Question

An element having bcc geometry has atomic mass 50 u. Calculate the density of the unit cell if its edge length is 290 pm.

Answer 1

Hint: The unit cell containing one constituent particle at the centre of the cell, besides those at the vertices of the unit cell is called the body-centred unit cell. We shall substitute the values in the formula given.

Formula: Density = $\dfrac{{{\text{z M}}}}{{{{\text{a}}^{\text{3}}}{\text{ }}{{\text{N}}_{\text{A}}}}}$
where z is the number of the constituents in the unit cell, M is the molecular weight, and ${{\text{N}}_{\text{A}}}$ is the Avogadro’s constant.

Complete stepwise Solution:
The density of a unit cell can be defined as the mass of the unit cell divided by the volume of the unit cell. Now, the mass of the unit cell is equal to the number of moles multiplied by the molecular weight of it. Therefore, mathematically the mass is equal to,
Mass (m) = \[\dfrac{{{\text{number of moles}}}}{{{\text{molecular weight of the substance}}}}\]=$\dfrac{{\text{n}}}{{\text{M}}}$
The volume of the unit cell considering them to be perfectly cubic in nature,
Volume (V) = ${{\text{a}}^{\text{3}}}$, where ‘a’ is the length of the edge of the cubic cell.
According to the question, atomic mass = 50 u, a = 290 pm, ${{\text{N}}_{\text{A}}}$= $6.022 \times {10^{23}}$ atoms of the element.
Hence the density = \[\dfrac{{{\text{2}} \times {\text{50}}}}{{{{\left( {290 \times {{10}^{{\text{ - 10}}}}} \right)}^{\text{3}}}{\text{ }}\left( {6.023 \times {{10}^{{\text{23}}}}} \right)}}\] = \[\dfrac{{10{\text{0}}}}{{{{\left( {290} \right)}^{\text{3}}}\left( {6.023} \right){{10}^{{\text{ - 7}}}}}}\]

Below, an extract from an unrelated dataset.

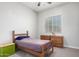 Simple bedroom with a twin bed and wooden dresser at 2247 E Indian Wells Dr, Gilbert, AZ 85298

So, the final answer is $6.81{\text{g/ c}}{{\text{m}}^3}$.

Notes: The density of the unit cell is the same as the density of the substance. The density of the substance can be determined from other methods as well. The knowledge of any of the five parameters in the equation for density can give the knowledge of the unknown quantity.